As law enforcement leaders, we know that our success in fighting crime can be traced to several factors. In 2006 the typical police officer is better trained, better educated, and better equipped than his or her predecessors. In addition, advances in communication and information technologies have allowed law enforcement administrators to develop comprehensive, integrated crime reduction strategies.
But no factor has been more crucial to our success than the partnership between law enforcement agencies and the communities they serve. By embracing the philosophy of community policing, law enforcement agencies have been able to work with citizens to create safer towns and cities. We have learned that to be effective, police cannot operate alone: they must have the active support and assistance of citizens and communities.
Unfortunately, the strength of this vital and essential partnership can be eroded or even destroyed if community members fear that police officers have switched from serving as guardians of their civil rights to violators of their civil rights.
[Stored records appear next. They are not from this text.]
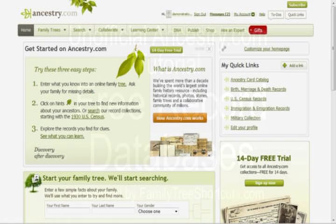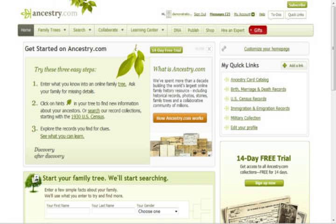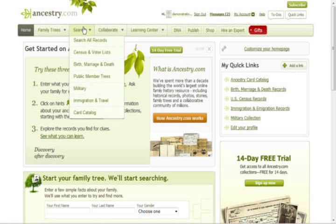To locate the databases that are free on Ancestry.com, you need to go to the Card Catalog. Move the mouse over the Search button at the top of the screen, and then select Card Catalog.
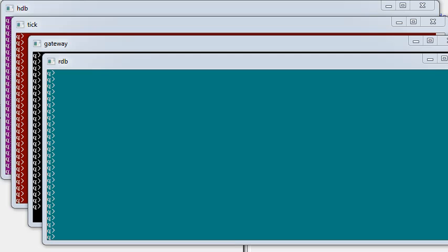In this video, we're going to look at creating a Bitcoin market data system based on the KDB Plus Tick architecture. The four major queue processes that make up this architecture are the ticker plant, the HDB, the RDB, and the gateway that we've added.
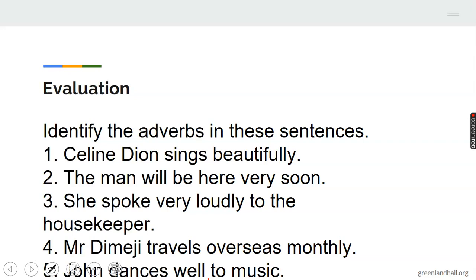Now I want you to identify the adverbs in the sentences. If there are no adverbs in a sentence, the sentence still makes sense — you have to find the words that describe verbs. Number one: Selindian sings beautifully. Which one is the adverb? Number two: The man will be here very soon. Which one is the adverb? Adverb modifies verb, adjectives, and other adverbs. Number three: She spoke very loudly to the housekeeper. Which one is the adverb? Number four: Mr. Dimedi travels overseas monthly. Tell me the adverbs — there may be two. Number five: John dances well to music. Which one is the adverb?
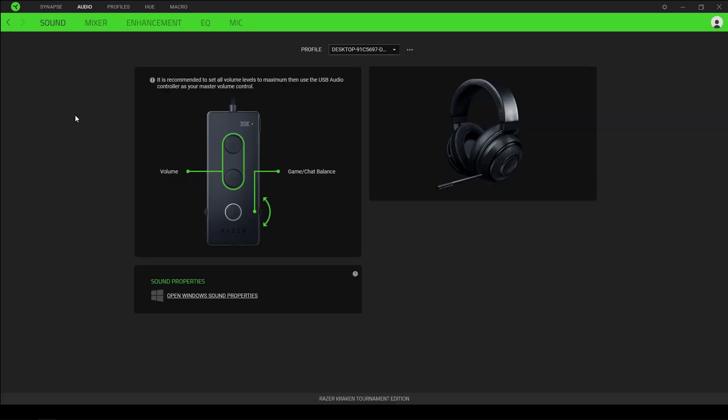In this instance, the next screen that we're given is how Razer recommends set up our audio settings. What they recommend is setting all of the volumes to maximum and then using their USB dongle as the master control.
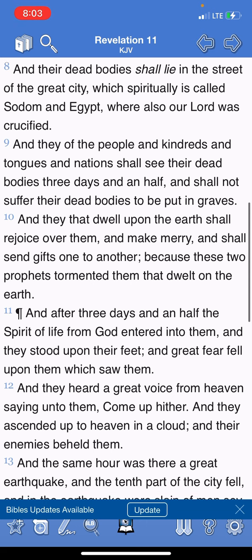Revelation chapter 11 verse 8: 'And their dead bodies shall lie in the street of the great city, which spiritually is called Sodom and Egypt, where also our Lord was crucified.' The city we're residing in today is spiritually called Sodom because it promotes sodomy — that's why rights have been given to what I'll call the alphabet people. This place promotes that. It's abominable in the eyes of our Lord Yahusha, because out of that springs all manner of wickedness.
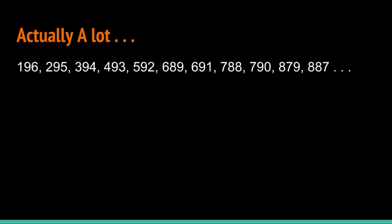But actually, there are a lot of anti-palindrome numbers, with 196 being the smallest of them. But you also have 295, 394, and so on.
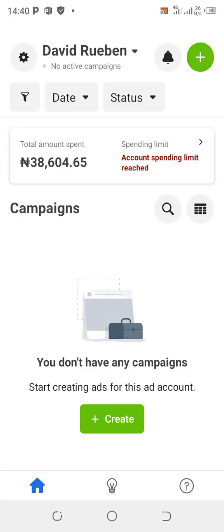Welcome to KDP TV. In today's class, we are going to be looking at the different objectives for running Facebook ads.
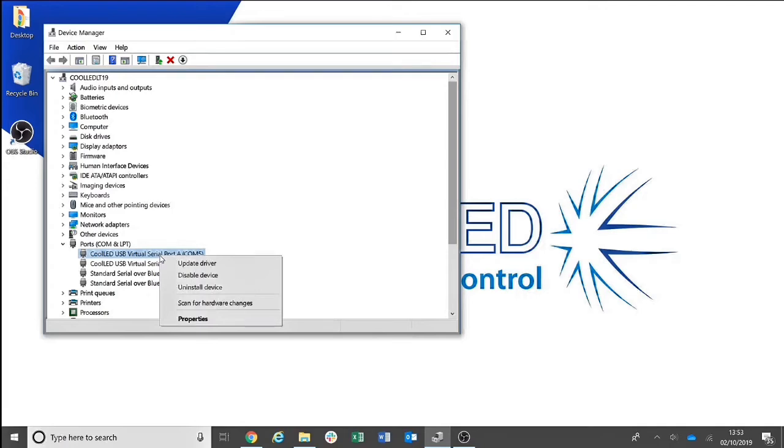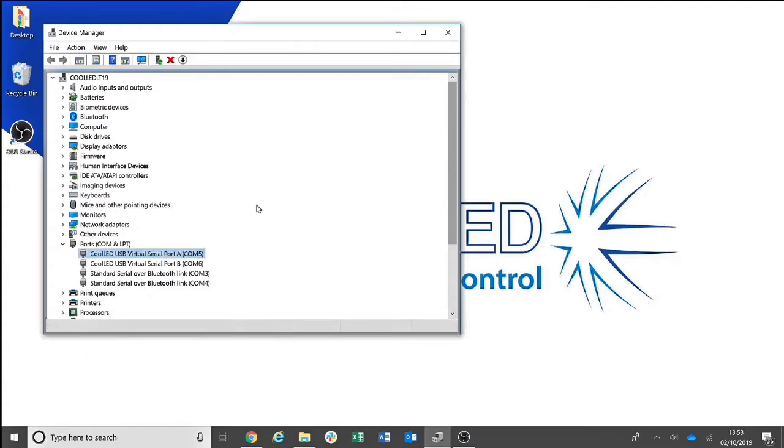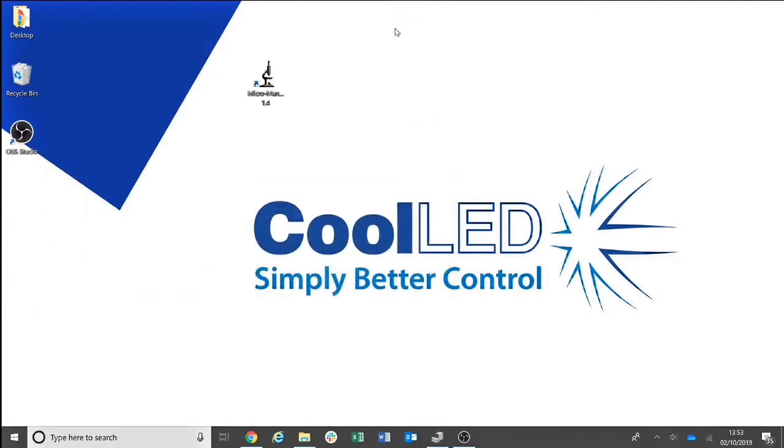If you have any problems, you can right click and update the driver and direct the CoolLED light source to the drivers saved to your memorable place. Once correctly installed, you can then open Micromanager.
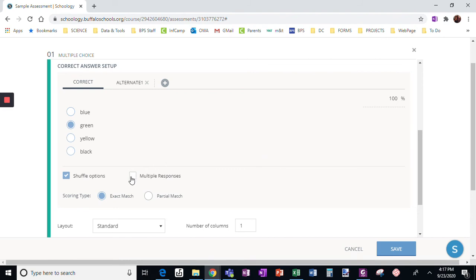However, I can check this, which has multiple responses, meaning they can choose more than one answer.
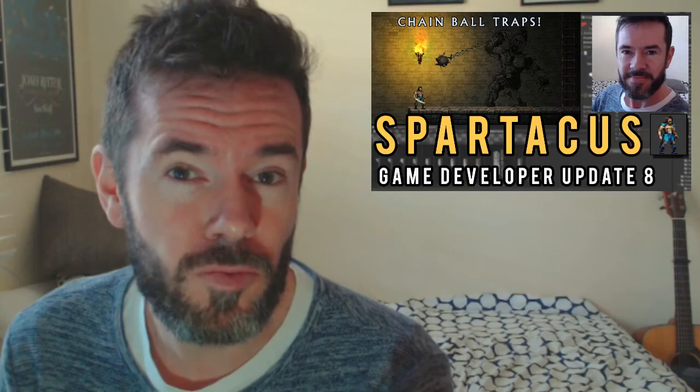Good morning everybody! Welcome to Spartacus Game Developer Update number 8. I am your host Oliver Joyce from Whiskey Barrel Studios, and 8 means two months so we've been working on this for two months plus a little bit of prep time.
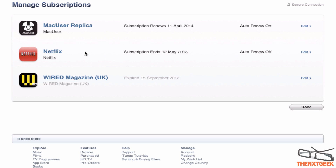This is basically how you do it. You can see your renewal date — it tells me it's going to renew on the 12th of May 2013. It also shows that I have auto-renew off, which I turned off a moment ago.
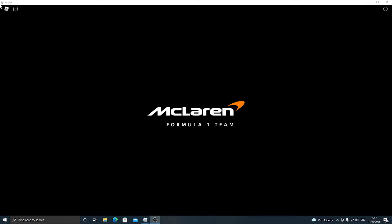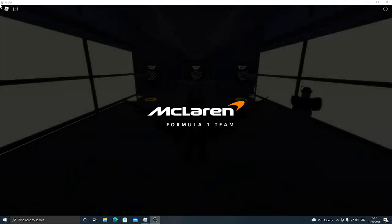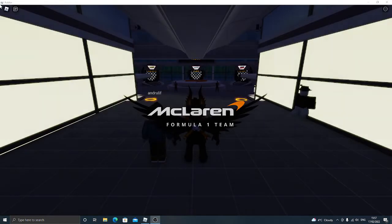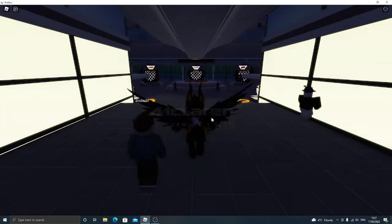Hey guys, welcome back to a brand new Reworks video. So today I'm going to show you the McLaren Visors in the new McLaren Formula 1 team event.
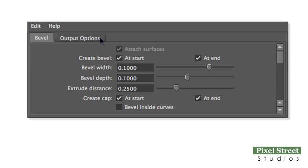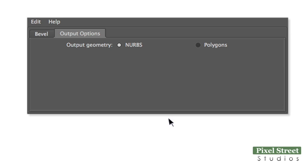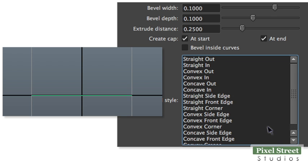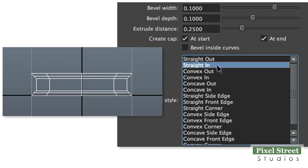Click the Output Options tab and choose Polygon or NURBS. Click the Bevel tab to set the bevel width, bevel depth, and extrude distance. The Bevel Style menu offers several bevel options.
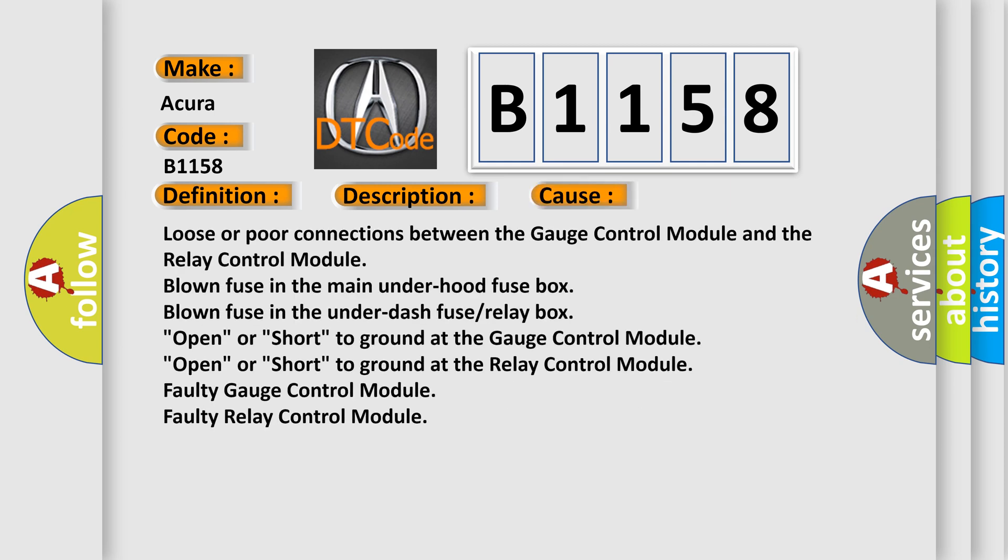This diagnostic error occurs most often in these cases: Loose or poor connections between the gauge control module and the relay control module. Blown fuse in the main under hood fuse box. Blown fuse in the under dash fuse relay box.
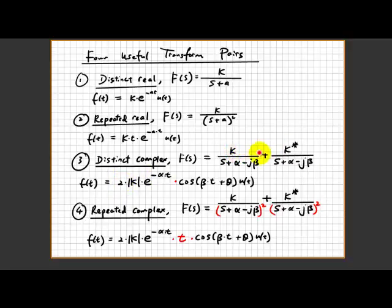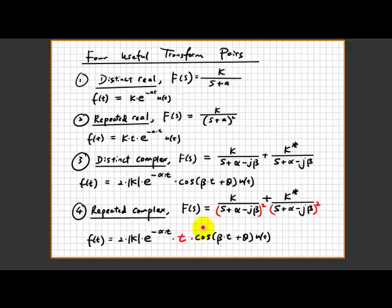Similarly for repeated complex roots: F(s) equal to k over (s plus alpha minus j*beta) squared plus its conjugate — you can write it similarly except with the addition of a factor of t, which is highlighted in red. This is a handy set of formulas. If you want to make an exam crib sheet, this is something you want to write down on those two pages so you can prepare for the exam without having to memorize everything.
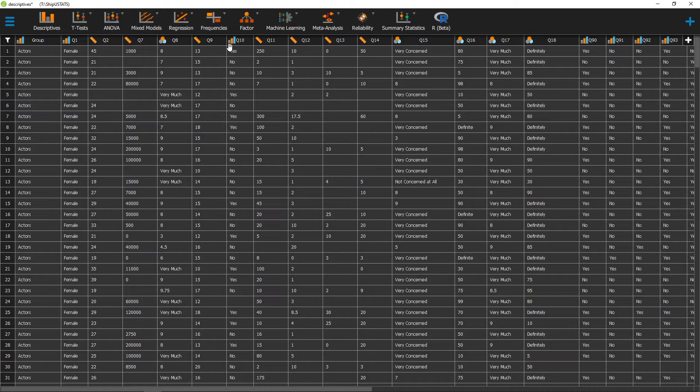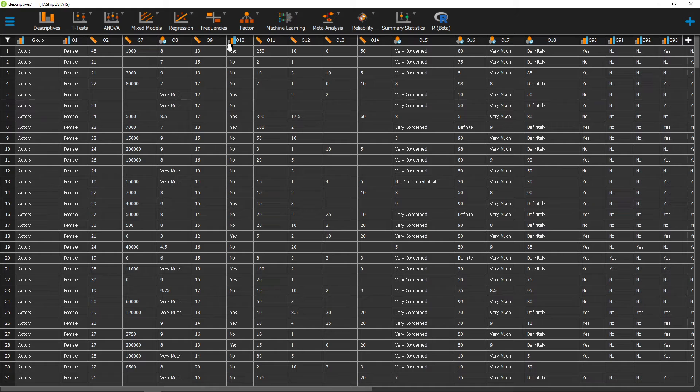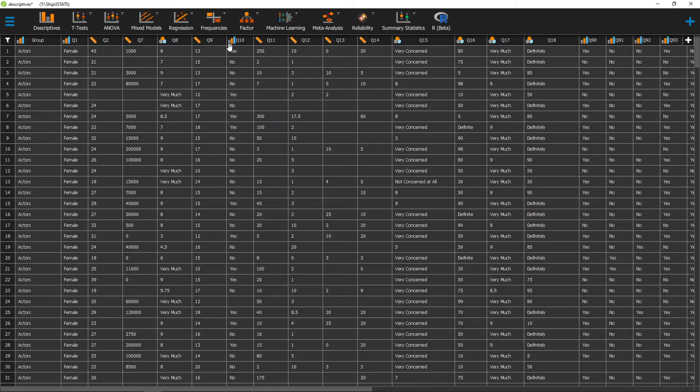Hello, and welcome to ShipU Stats. In this video, we're going to go over how to calculate a range in JASP. A range is the distance from the smallest to the highest value on a variable.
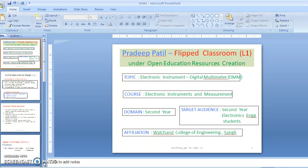Under the open education resource creation activity, this is the second video from RC1130 team 007. I am team member Pradeep Patil.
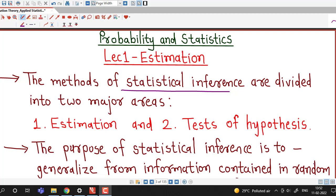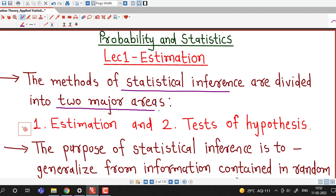Hello friends, I welcome you in lecture number one on estimation. From this lecture we are going to discuss about estimation theory which is a part of statistical inference. We have discussed earlier that the methods of statistical inference are divided into two major areas: one is estimation and the second is test of hypothesis or hypothesis testing.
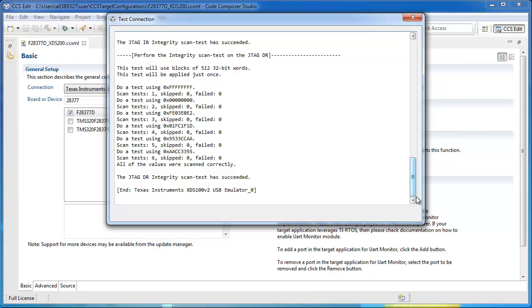However, if these scan tests fail, then there is likely some issue with the target configuration file or some issue with the physical JTAG connection itself. It could be a bad physical connection or perhaps interference that is impacting the signal.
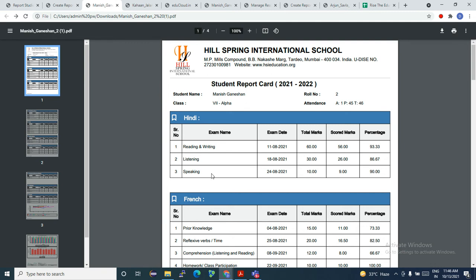Last but not least, you can choose your theme. If you want a gray theme, the red theme, green theme — you can choose your colors and themes and have all this data. Along with that, you can choose various themes to print the school logo, school name, and the student details as well.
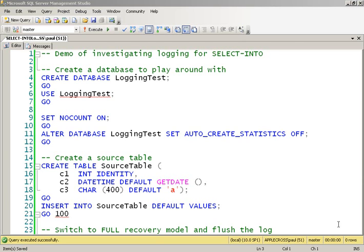In this demo, what I want to do is show you the difference in logging that occurs for bulk logged versus full recovery models for a SELECT-INTO. There's been some discussion on this online and on Twitter on the SQL Help hashtag. A couple of people have blogged about it, but I want to show you a bit more in depth about what's going on.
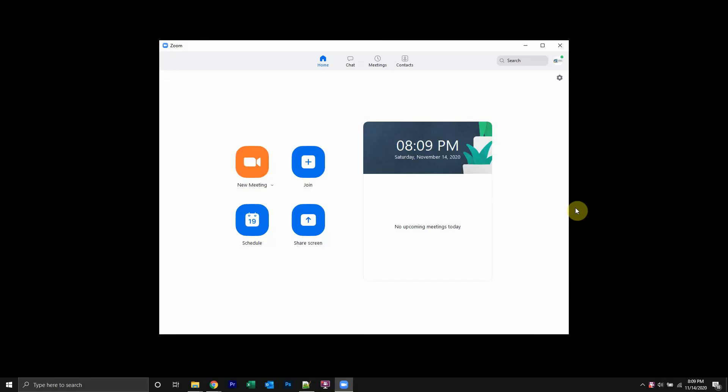Hello and welcome back to Kahindo Tech. In this video, I'll show you how to delete messages on Zoom.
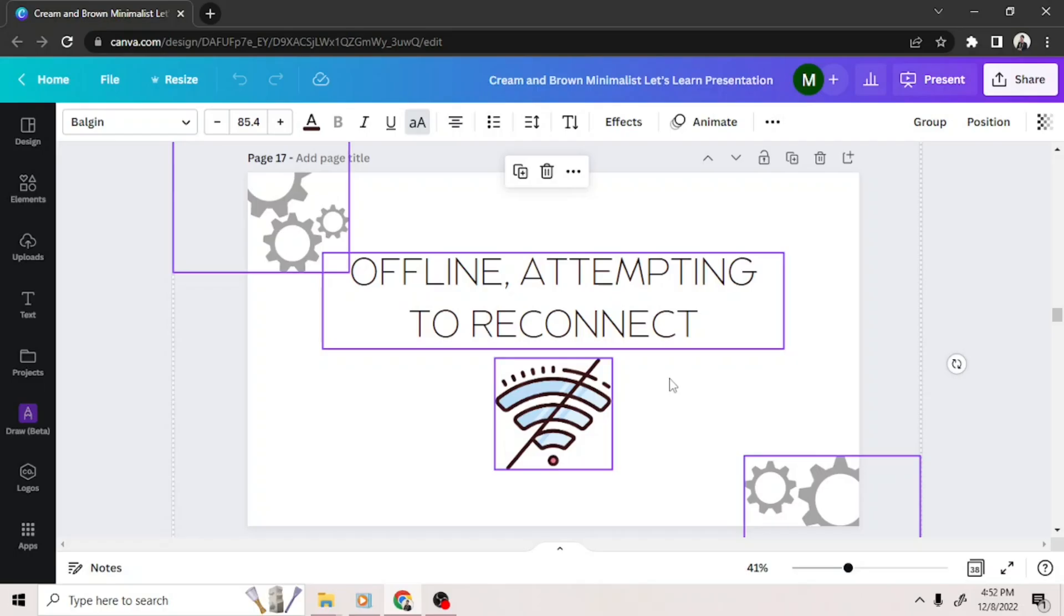And in case your connection comes back on, you can paste everything and still save the changes you've made.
Sadly, over the years there have been isolated incidents in which law enforcement officers have acted in an unconstitutional or criminal fashion. Clearly, this is unacceptable. When it does occur, we, as law enforcement executives, must act quickly and decisively to ensure that the individuals responsible are removed from positions of authority and, if warranted, prosecuted for their criminal acts.
Unfortunately, these isolated incidents often nurture the perception that this type of behavior is institutionalized, and that police departments cannot be trusted to treat all members of the community in a fair and equitable fashion. Although not accurate, this perception is extremely damaging to crime reduction efforts. Without community confidence and support, law enforcement agencies cannot succeed.
The root causes of tension between police officers and the communities they serve are as understandable as they are historic. Law enforcement officers occupy a unique position in a free society. They patrol the narrow line that separates freedom from lawlessness, and even the most basic enforcement action taken by police officers can appear to infringe on the rights of others. The nature of their duties ensures that law enforcement officers will be placed in the center of situations that are typified by stress and hostility. As a result, law enforcement officers are often the focal point for rage and confusion. If you add to this already volatile combination the perception that the officers are acting in an unfair or inequitable fashion, it becomes clear why some members of the community view law enforcement officers with suspicion and contempt instead of with trust and respect.
Although achieving an understanding of the causes of these difficulties is helpful, we, as a profession, must not be content to merely understand the problems that face us. We must seek and develop affirmative solutions.
It is for this reason that the IACP, with support from the U.S. Department of Justice Office of Community Oriented Policing Services, has released a new publication aimed at helping law enforcement agencies enhance their efforts to uphold and protect the civil rights of the constituents they serve.
The publication, titled Protecting Civil Rights: A Leadership Guide for State, Local, and Tribal Law Enforcement, provides a comprehensive overview of the civil rights issues and challenges that today’s law enforcement leaders face and gives specific, everyday recommendations on ways to both protect and promote civil rights.
This leadership guide not only provides suggestions that are designed to prevent civil rights violations but also highlights ways in which agencies can work with their communities to build a better partnership. It is our hope that this book, with its practical guidelines and recommendations, will help all law enforcement leaders recognize the need for visionary leadership in this critical area and allow every agency to strengthen its resolve to be a part of the solution.
The guide offers recommendations in six areas: early intervention, the civilian complaint process, use of force, racial profiling, personnel management, and data management. Some of the key recommendations are as follows:
• All departments should have a clear and unequivocal departmental policy prohibiting racial profiling and promoting bias-free policing.
• All agencies, regardless of size, should strive to incorporate the core concepts of early intervention into their personnel management practices.
• Every department should have a clear policy and well-defined practices for handling civilian and internally generated complaints against officers or the department as a whole.
• Agencies must recruit, hire, and promote personnel in a manner that best ensures that officers throughout the ranks reflect the communities they serve.
Copies of Protecting Civil Rights: A Leadership Guide for State, Local, and Tribal Law Enforcement are available on the IACP Web site at www.theiacp.org.
Establishing and maintaining a safe community is difficult at the best of times. When the bond of trust and confidence between a police agency and its community is strained, the task becomes almost impossible. It is my belief that this guide will help agencies ensure that this vital partnership not only survives but flourishes.